Giter Club home page Giter Club logo

abtextsum's Introduction

abtextsum

This source code has been used in the experimental procedure of the following paper:

Panagiotis Kouris, Georgios Alexandridis, Andreas Stafylopatis. 2019. Abstractive text summarization based on deep learning and semantic content generalization. In Proceedings of the 57th Annual Meeting of the Association for Computational Linguistics, pp. 5082-5092.

This paper is accessible in the Proceedings of the 57th ACL Annual Meeting (2019) or directly from here.
For citing, the BibTex follows:

@inproceedings{kouris2019abstractive,
  title={Abstractive text summarization based on deep learning and semantic content generalization},
  author={Kouris, Panagiotis and Alexandridis, Georgios and Stafylopatis, Andreas},
  booktitle={Proceedings of the 57th Annual Meeting of the Association for Computational Linguistics},
  month = jul,
  year={2019}
  address = {Florence, Italy},
  publisher = {Association for Computational Linguistics},
  url = {https://www.aclweb.org/anthology/P19-1501},
  pages={5082--5092},
}



Code Description

The code described below follows the methodology and the assumptions which are described in detail in the aforementioned paper. The experimental procedure, as it is described in the paper, requires as initial dataset for training, validation and testing the Gigaword dataset as it is described by Rush et. al. 2015 (see references in the paper). Also for testing, the DUC 2004 dataset is used as this is also described in the paper.
According to the paper, the initial dataset is preprocessed furthermore and generalized to one of the proposed text generalization strategies (e.g. NEG100 or LG200d5). Then the generalized dataset is used for training where the deep learning model learns to predict a generalized summary.
In the phase of testing, a generalized article (e.g. an article of the test set) is given as input to the deep learning model which predicts the respective generalized summary. Then, in the phase of post-processing, the generalized concepts of the generalized summary are replaced by the specific concepts of the original (preprocessed) article producing the final summary.

The workflow of this framework follows:

  1. Preprocessing of the dataset
    The task of preprocessing of the dataset is performed by DataPreprocessing class (preprocessing.py file). The method clean_dataset() is used for preprocessing the Gigaword dataset while the method clean_duc_dataset_from_original_to_cleaned() is used for DUC dataset.

  2. Text generalization
    Both text generalization tasks, NEG and LG, are performed by DataPreprocessing class (preprocessing.py file).
    Firstly, part-of-speach tagging is required which is performed by pos_tagging_of_dataset_and_vocabulary_of_words_pos_frequent() method for Gigaword dataset and pos_tagging_of_duc_dataset_and_vocab_pos_frequent() method for DUC dataset. Then the NEG and LG strategy can be applied as follows:

    1. NEG Strategy
      The annotation of named entities is performed by ner_of_dataset_and_vocabulary_of_ner_words() method for Gigaword dataset and ner_of_duc_dataset_and_vocab_of_ne() method for DUC dataset.
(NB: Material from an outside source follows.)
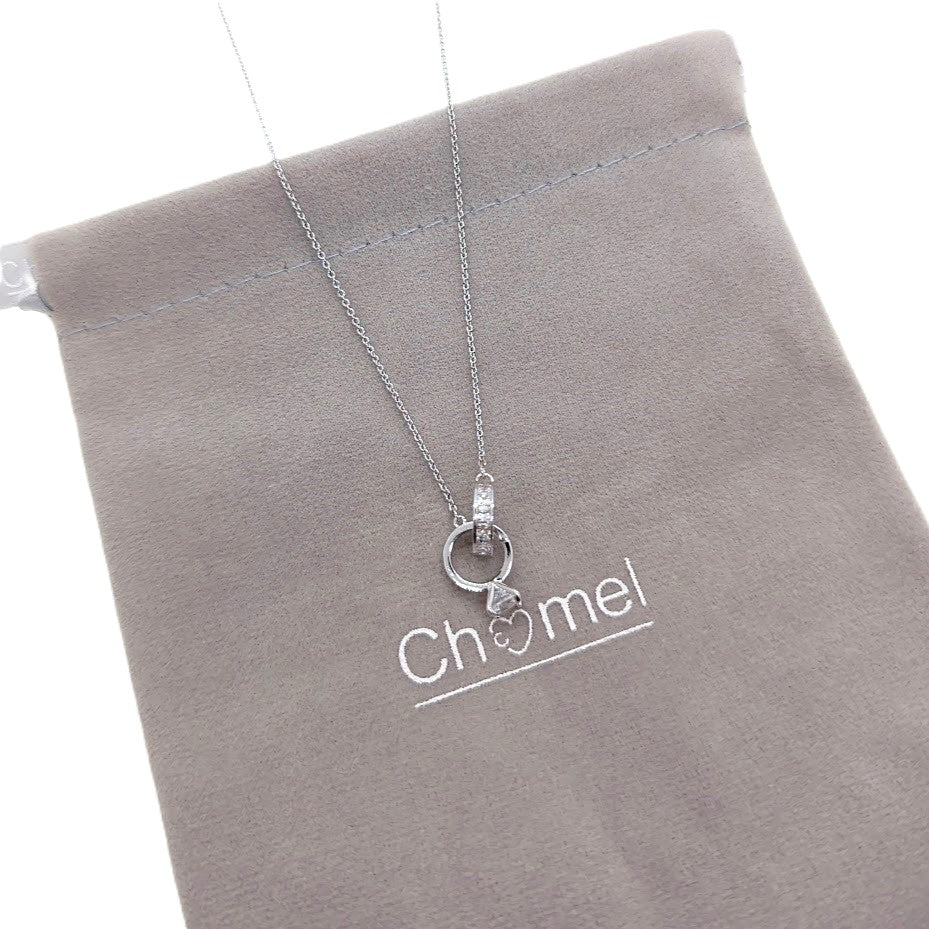 Interlocking Ring Cubic Zirconia Necklace - CHOMEL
Then the methods conver_dataset_with_ner_from_stanford_and_wordnet() for Gigaword dataset and conver_duc_dataset_with_ner_from_stanford_and_wordnet() for DUC dataset generalize these datasets according to NEG strategy having set the parameters accordingly.

    2. LG Strategy
      The word_freq_hypernym_paths() method produces a file that contains a vocabulary with the frequency and the hypernym path of each word. Then this file is used by vocab_based_on_hypernyms() method in order to produce a file that contains a vocabulary with those words that are candidates for generalization. Finally, for the Gigaword dataset, the convert_dataset_to_general() method produces the files with summary-article pairs which constitute the generalized dataset, while for DUC dataset the convert_duc_dataset_based_on_level_of_generalizetion() method is used. The hyperparameters of these methods should be set accordingly.

  3. Building dataset for training, validation and testing
    The BuildDataset class (build_dataset.py file) creates the files which are given as input to the deep learning model for training, validation or testing.
    To build the dataset, the appropriate file paths should be set in the __inint__() of BuildDataset class executing the following commands, where the argument -model specifies the employed generalization strategy (e.g. lg100d5, neg100 etc.).

    1. Building the training dataset: python build_dataset.py -mode train -model lg100d5g
    2. Building the validation dataset: python build_dataset.py -mode validation -model lg100d5g
    3. Building the testing dataset: python build_dataset.py -mode test -model lg100d5g
  4. Training
    The process of training is performed by Train Class (file train_v2.py) having set the hyperparameters accordingly. The files which are produced from the previous step of Building dataset are used as input in this phase of training. The process of training is performed by the command: python train.py -model neg100, where the argument -model specifies the employed generalization strategy (e.g. lg100d5, neg100 etc.).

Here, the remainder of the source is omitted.